6.3.2.3.2.2. Output¶
The starchcat tool outputs a starch -formatted archive to standard output, which is usually redirected to a file.
Additionally, an optional compression flag specifies if the final starch output should be compressed with either the bzip2
or gzip
method (the default being bzip2
).
Note
If starch inputs use a different backend compression method, the input stream is re-compressed before integrated into the larger archive. This will incur extra processing overhead.
6.3.2.3.3. Usage¶
Use the --help
option to list all options:
starchcat
citation: http://bioinformatics.oxfordjournals.org/content/28/14/1919.abstract
version: 2.4.36 (typical)
authors: Alex Reynolds and Shane Neph
USAGE: starchcat [ --note="..." ]
[ --bzip2 | --gzip ]
[ --omit-signature ]
[ --report-progress=N ] <starch-file-1> [<starch-file-2> ...]
* At least one lexicographically-sorted, headerless starch archive is
required.
* While two or more inputs make sense for a multiset union operation, you
can starchcat one file in order to update its metadata, recompress it
with a different backend method, or add a note annotation.
* Compressed data are sent to standard output. Use the '>' operator to
redirect to a file.
Process Flags
--------------------------------------------------------------------------
--note="foo bar..." Append note to output archive metadata (optional).

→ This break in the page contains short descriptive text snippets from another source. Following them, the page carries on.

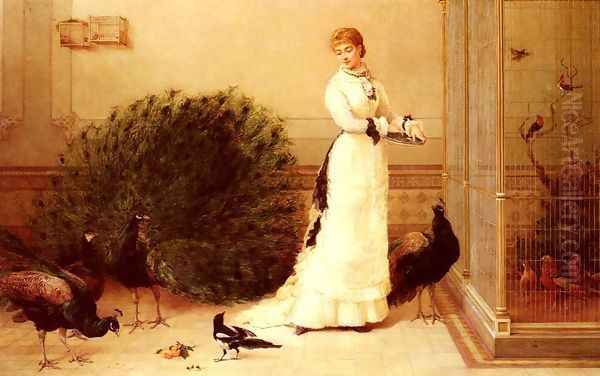 The Aviary Oil Painting by Heywood Hardy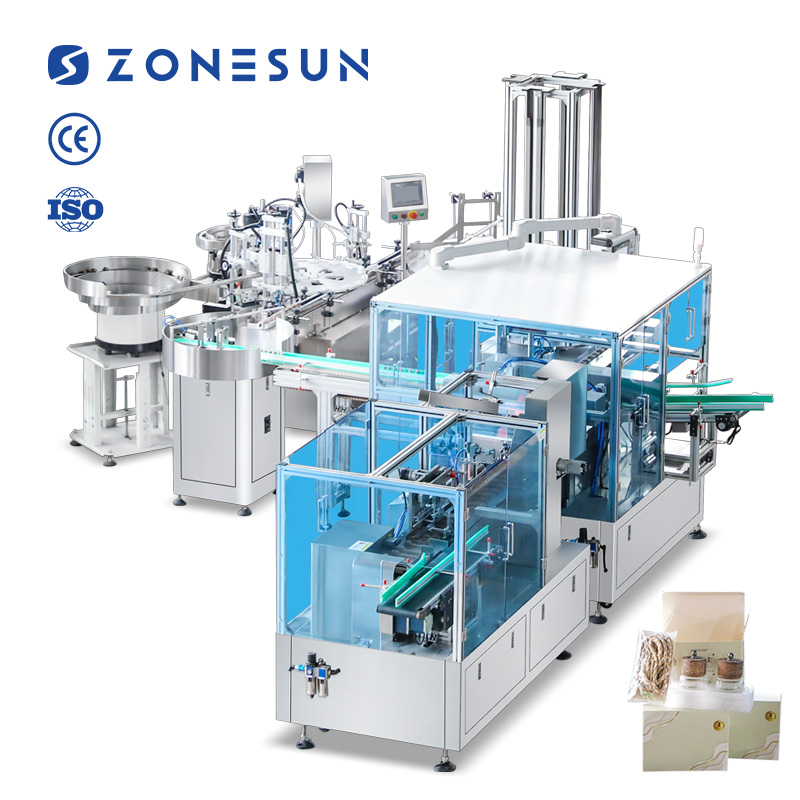 ZONESUN ZS-AFCL11 Automatic Hanging Car Glass Diffuser Air Freshener Perfume Filling Capping Cartoning Machine Production Line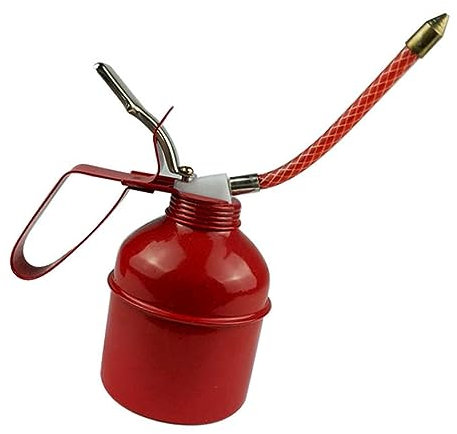 Engrasador Manual, Estilo Palanca Roja, Manguera Flexible, Acción de Bomba, Hierro, para Maquinaria, Vehículos, Mantenimiento del Hogar (400ml)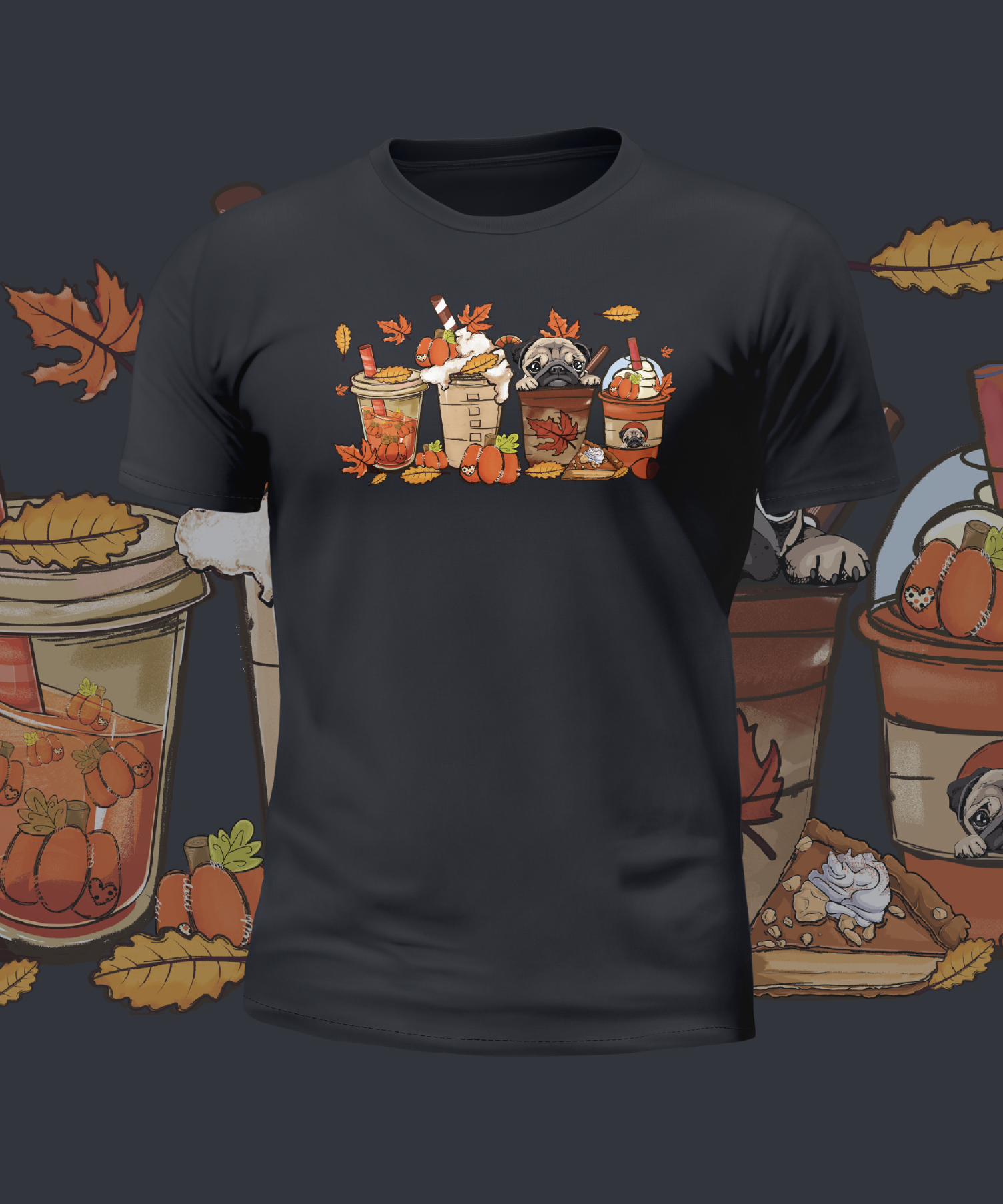 Autumn Cute Pugs in Cups Graphic Tee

--bzip2 | --gzip Specify backend compression type (optional, default
is bzip2).
--omit-signature Skip generating per-chromosome data integrity signature
(optional, default is to generate signature).

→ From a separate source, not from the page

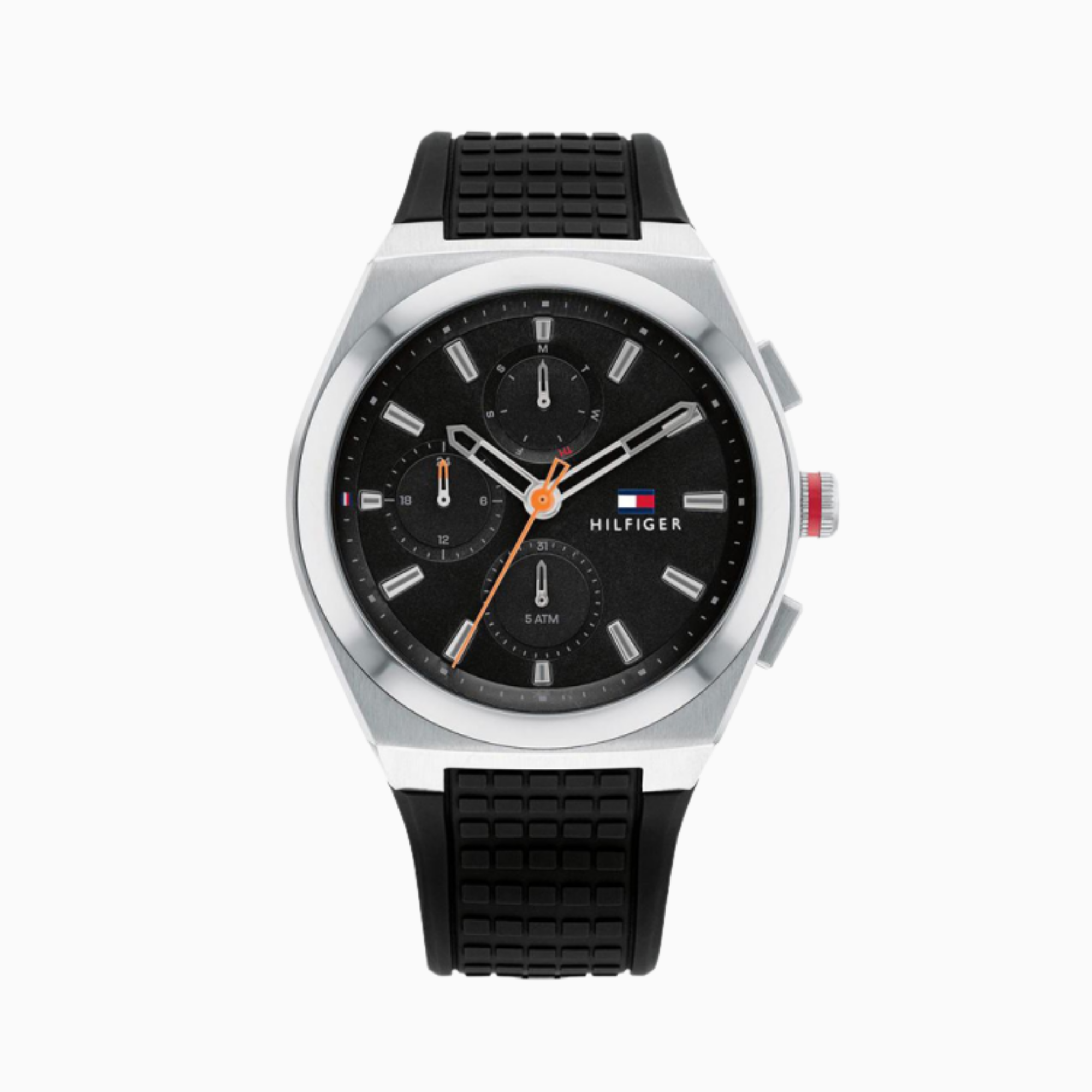 Tommy Hilfiger Men’s Quartz Black Silicone Strap Black Dial 44mm Watch 1791898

--report-progress=N Report compression progress every N elements per
chromosome to standard error stream (optional)
--version Show binary version.
--help Show this usage message.
6.3.2.3.3.1. Per-chromosome data integrity signature¶
By default, a data integrity signature is generated for each chromosome. This can be used to verify if chromosome streams from two or more Starch archives are identical, or used to test the integrity of a chromosome, to identify potential data corruption.
Generating this signature adds to the computational cost of compression, or an integrity signature may not be useful for all archives. Add the --omit-signature
option, if the compression time is too high or the data integrity signature is not needed.
6.3.2.3.3.2. Example¶
Let’s say we have a set of 23 starch archives, one for each chromosome of the human genome: chr1.starch
, chr2.starch
, and so on, to chrY.starch
. (To simplify this example, we leave out mitochondrial, random, pseudo- and other chromosomes.) We would like to build a new starch archive from these 23 separate files:
$ starchcat chr1.starch chr2.starch ... chrY.starch > humanGenome.starch
The starchcat utility parses the metadata from each of the 23 inputs, determines what data to either simple copy or reprocess, and then it performs the merge. Cleanup is performed afterwards, as necessary, and the output is a brand new starch file, written to humanGenome.starch
.
Note
No filtering or processing is performed on extracted BED elements, before they are written to the final output. Thus, it is possible for duplicate BED elements to occur. It would be easy to use the --signature
option to validate the expected content of a new Starch archive.
However, the final archive is sorted per sort-bed ordering, so that data extracted from this archive will be ready for use with BEDOPS utilities.
Note
When input archives contain data on disjoint chromosomes, use of starchcat is very efficient as data are simply copied, instead of extracted and re-compressed.